Après l’échec de l’expérience Calonne, la monarchie se trouve en état de faillite virtuelle. La nécessité de trouver des fonds contraint alors Louis XVI à rappeler Necker, qui est nommé « directeur général des finances » le 25 août 1788. Deux jours plus tard, Necker reçoit le titre de ministre d'État qui lui donne accès aux Conseils.

Cette position nouvelle, en même temps que les circonstances, lui permettent de jouer un rôle politique de premier plan. C’est lui qui fait rappeler le Parlement de Paris, dont les membres avaient été exilés. Il avance la date de convocation des États généraux. Il réunit en novembre 1788 une nouvelle Assemblée des notables, pour statuer sur les modalités de l’élection des députés, notamment la question du vote par tête ou par ordre, qui ne fut pas tranchée, et celle du doublement de la représentation du tiers état. Sur ce dernier point, comme il était prévisible, l’Assemblée des notables se prononce défavorablement mais Necker décide de soutenir le doublement du tiers (décembre 1788) ce qui conforte sa popularité : il est désormais considéré comme un « ministre patriote ».

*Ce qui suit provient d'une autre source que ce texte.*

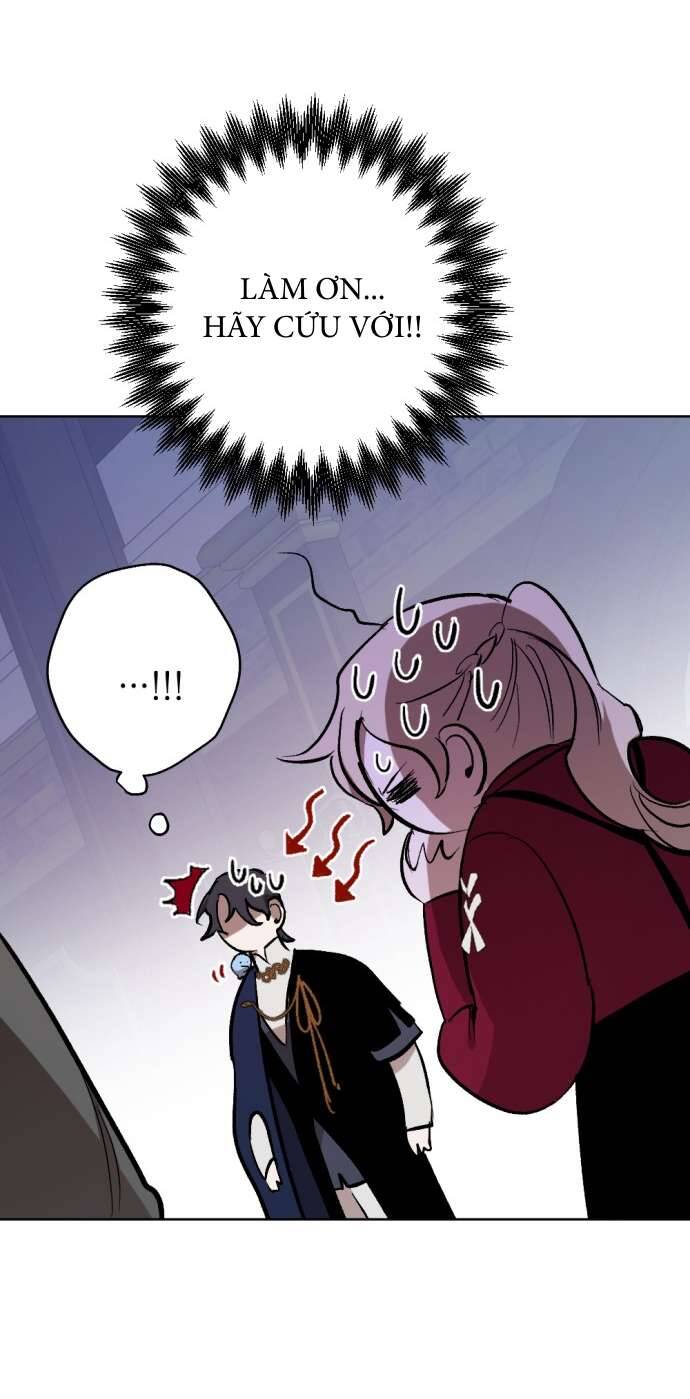 Lời Thú Nhận Của Chúa Tể Bóng Tối Chapter 37 - Trang 2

Face à une grave pénurie de blé, Necker abroge les mesures libérales prises par Loménie de Brienne en matière de commerce des grains : il interdit l’exportation des céréales (7 septembre 1788) ainsi que l’achat des grains en dehors des marchés (23 novembre 1788) ; il fait acheter des grains à l’étranger, accorde des primes aux importations et donne aux autorités de police les pouvoirs nécessaires pour approvisionner les marchés (22 avril 1789).

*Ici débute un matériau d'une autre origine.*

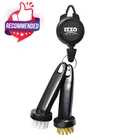 Izzo Golf Dual Brushes - Includes For Clubs & Brush... New. Price: $12.93.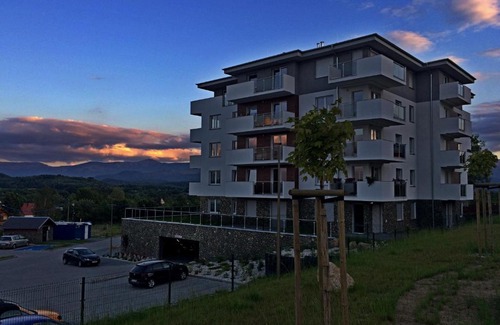 Jelenia Gora Apartment | Apartament Happy View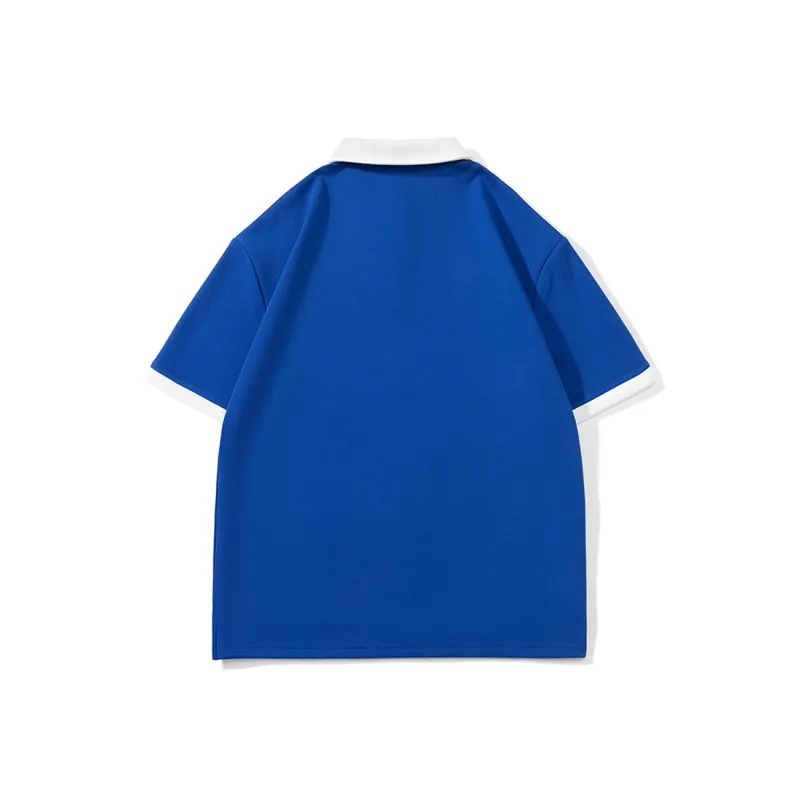 7 SEVFUN Polo Shirts Unisex-6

En matière financière, Necker révoque la cessation des paiements décrétée par Brienne et utilise des expédients pour réunir les 70 millions nécessaires afin d'assurer les paiements jusqu’à la réunion des États généraux.

À l’ouverture des États généraux, le discours de Necker, centré sur les questions financières alors que les députés n’ont en tête que la question du vote, est mal accueilli. Necker refuse d’assister à la séance royale du 23 juin 1789 dans laquelle Louis XVI fixe les limites des concessions qu’il est prêt à accorder aux députés du tiers état. S’apprêtant à prendre des mesures de fermeté à l’égard de l’Assemblée nationale, le Roi congédie Necker le 11 juillet 1789 à cause de sa « condescendance extrême » à l’égard des États généraux. Le ministre quitte aussitôt la France et rejoint Bruxelles (13 juillet) puis Bâle (20 juillet). Une fois connu, ce renvoi est l’une des causes déterminantes du soulèvement populaire du 14 juillet.

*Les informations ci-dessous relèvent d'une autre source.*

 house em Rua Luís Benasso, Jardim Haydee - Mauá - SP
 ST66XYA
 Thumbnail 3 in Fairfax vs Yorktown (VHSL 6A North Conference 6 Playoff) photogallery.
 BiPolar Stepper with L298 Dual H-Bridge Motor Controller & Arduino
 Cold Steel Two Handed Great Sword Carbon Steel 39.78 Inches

Dès le 16 juillet 1789, Louis XVI doit se résoudre à rappeler Necker. Celui-ci prend alors le titre de Premier ministre des finances. Rapidement, il s’oppose à l’Assemblée constituante, en particulier à Mirabeau. Les députés récusent les propositions financières de Necker, fondées sur ses méthodes traditionnelles d’anticipations et d’emprunts, tandis que Necker s’oppose au financement du déficit par l’émission d’assignats. Comme le dit Mirabeau au Roi le 1er septembre 1790 : « le Ministre actuel des finances ne se chargera point de diriger, comme elle doit l’être, la grande opération des assignats-monnaie. Il ne revient pas facilement de ses conceptions et la ressource des assignats-monnaie n’a pas été conçue par lui ; il s’est même déterminé à la combattre. Il n’est rien moins qu’en bonne intelligence avec l’Assemblée nationale. Il ne gouverne plus l’opinion publique. On attendait de lui des miracles et il n’a pu sortir d’une routine contraire aux circonstances ». Dans ces conditions, il ne reste plus à Necker qu’à démissionner, ce qu’il fait le 3 septembre 1790.

Après sa démission, Necker se retire en Suisse au château de Coppet, où il poursuit l’écriture de plusieurs ouvrages. Il meurt le 9 avril 1804 a la suite d'un arrêt cardio-respiratoire en fin de journée.